Objectives: To determine whether ocular angioma can occur in the absence of von Hippel Lindau (VHL) syndrome, to define the clinical characteristics of sporadic (non-VHL) angioma, and to estimate a prevalence for sporadic ocular angioma.

Design and participants: A cross-sectional study of a cohort of patients with apparent sporadic ocular angiomatosis recruited from throughout the United Kingdom.

Intervention: Clinical details and a family history were obtained for the patients in the cohort. Systematic ocular examination and further systemic screening were performed on the patients and relatives when possible. Leukocyte DNA was examined for VHL germline mutations.

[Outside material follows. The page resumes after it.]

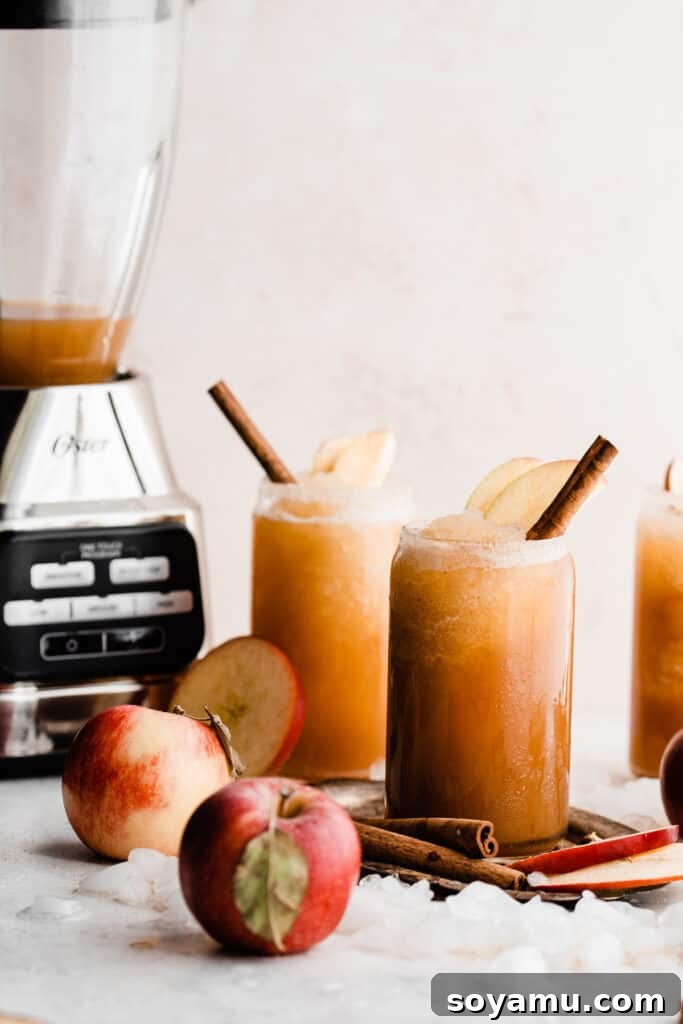 Spiked or Not Apple Cider Slushies 3 A blender and three glasses of apple cider slushies.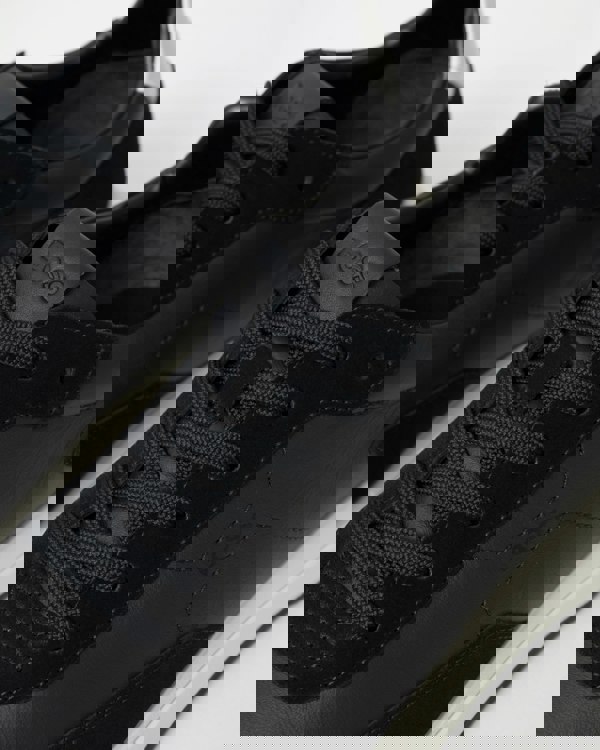 Black sneakers with 'BOSS' branding on a white background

Main outcome measures: Patients with solitary and typical VHL-like ocular angioma, without clinical and family histories for VHL, were selected as possible sporadic (non-VHL) ocular angioma cases. An estimate of the population prevalence of sporadic (non-VHL) ocular angioma was made from patients presenting in the East Anglian region of the United Kingdom over a 25-year period.

Results: From 32 patients referred, 17 had typical solitary ocular angioma and no evidence of other VHL complications in themselves or in family members. All 17 patients were negative for germline VHL mutations. The mean age of presentation was 30.9 years (median, 27.5; range, 3-52); 11 of 17 eyes suffered visual loss and 4 of 17 tumors occurred on the optic disc. The estimated prevalence of non-VHL ocular angioma was 9.0 x 10(-6), 95% confidence interval (CI) = 3.3 - 19 x 10(-6) (1 in 110,000 persons, 95% CI = 1 in 53,000-300,000).

Conclusions: Sporadic ocular angioma can occur in the absence of VHL disease but appears less prevalently than VHL itself. The age of presentation, degree of visual morbidity, complications, morphology, and anatomic location of tumors are similar to those seen in VHL disease.